⟨

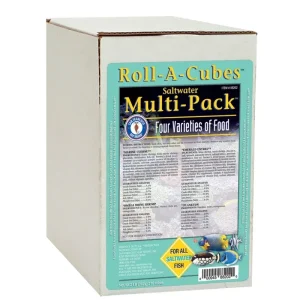 San Francisco Saltwater Multipack Frozen Fish Food 2 lb SD-5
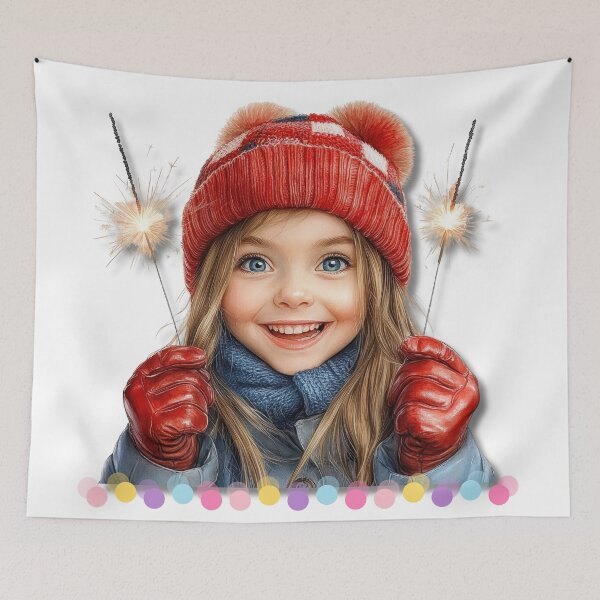 Item preview, Spark of Winter Joy designed and sold by Angellacelin.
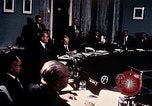 Standbild Senat Anhörungen über NASA Space Programm Washington DC USA, 1967, aus Sekunde 3 historischem Filmmaterial Videoclip 65675027867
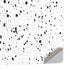White Speckle PS5 Pro Console Skin
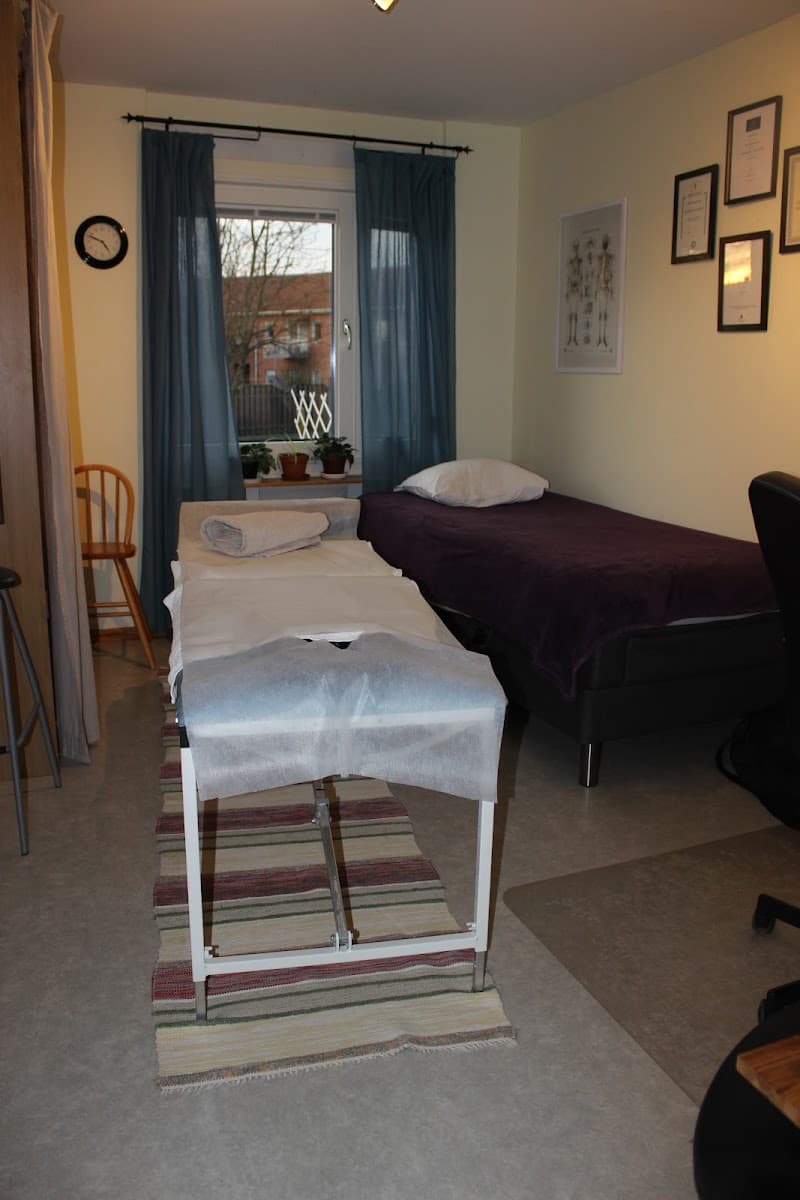 Mindas kraniosakralterapi och massage. Mariestad photo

⟩

### Task to complete
Starting with the line that contains "Item preview, Spark", repeat each line exactly until the listing ends, including the last one. Leave pictures out.

### Answer to the exercise
 Item preview, Spark of Winter Joy designed and sold by Angellacelin.
 Standbild Senat Anhörungen über NASA Space Programm Washington DC USA, 1967, aus Sekunde 3 historischem Filmmaterial Videoclip 65675027867
White Speckle PS5 Pro Console Skin
 Mindas kraniosakralterapi och massage. Mariestad photo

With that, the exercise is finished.